Growth on metal substrates is a promising route for synthesizing high-quality graphene films. In addition, moving electronic applications into the real world requires understanding and controlling the properties of graphene in contact with metals. This talk will focus on the properties and growth mechanisms on several metals distinguished by varying binding strengths to graphene sheets. Mechanistic insight comes from observing growth directly using low-energy electron microscopy (LEEM). On the relatively strongly interacting substrate Ru(0001), graphene grows with a single in-plane orientation from a highly supersaturated sea of C adatoms. On the less interacting substrates Ir(111) and Pd(111), graphene forms several but discrete in-plane orientations. Small but significant differences in graphene’s electronic properties (i.e., band structure and work function) result from changes in orientation. On Cu foils, graphene islands nucleate with a large range of orientation.
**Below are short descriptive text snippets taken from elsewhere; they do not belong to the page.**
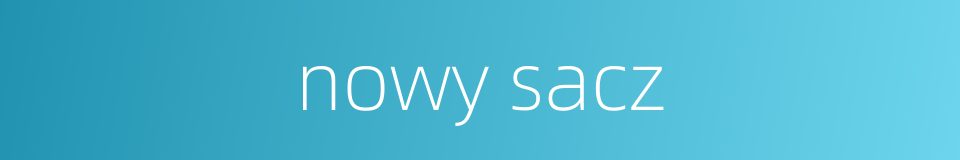 nowy sacz的同义词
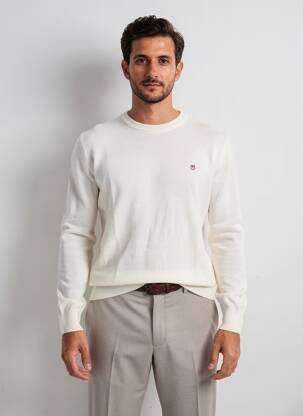Pull stretch manches longues beige GANT homme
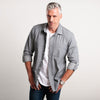 Myers Casual Shirt – Aluminum Gray Cotton Stretch Twill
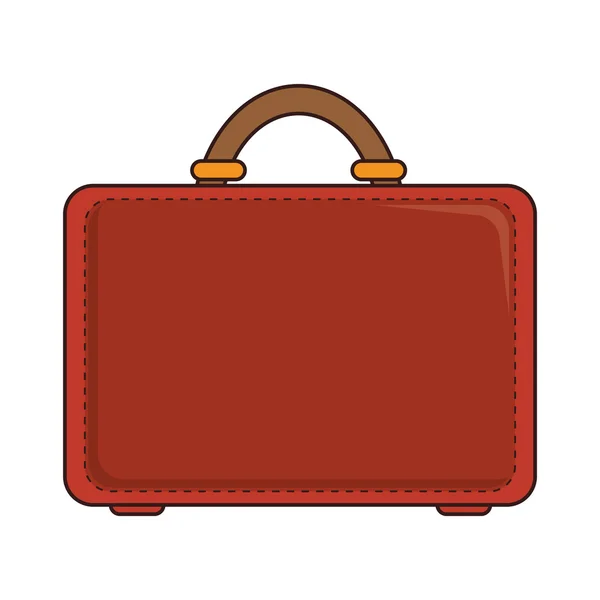 Suitcase business portfolio — Stock Vector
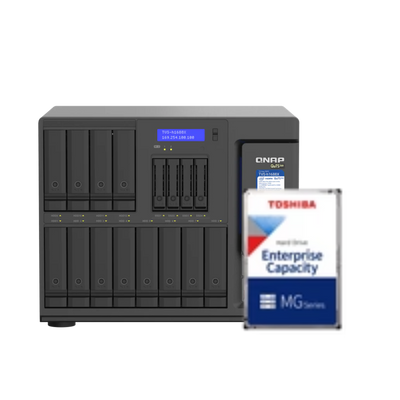 TVS-h1688X-W1250-32G 硬碟組合優惠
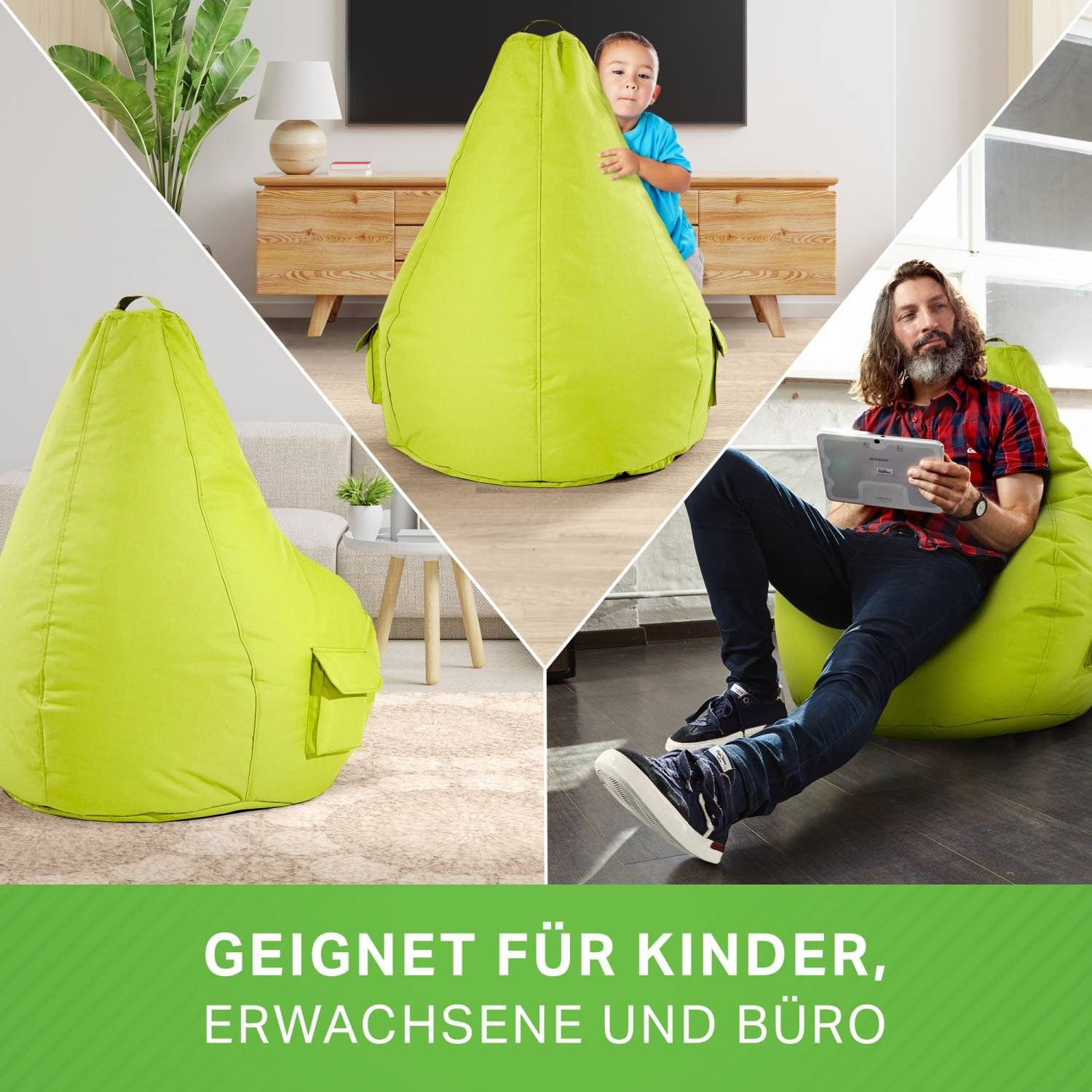 Green Bean Sitzsack Cozy+Cube (2er Set günstig online kaufen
Thus, the weak film-Cu interaction leads to a high defect density. Finally, the mechanism of bilayer graphene growth has been explored. Diffraction analysis reveals that the second graphene layer on Ir(111) grows next to the substrate, not on top of the first layer. This “underlayer” growth mechanism occurs when the carbon source is either segregation from the substrate or deposition on top of the first layer. How this unusual mechanism affects thickness uniformity will be discussed.

 

This work was supported by the Office of Basic Energy Sciences, Division of Materials and Engineering Sciences of the U.S. Department of Energy under Contract No. DE-AC04-94AL85000.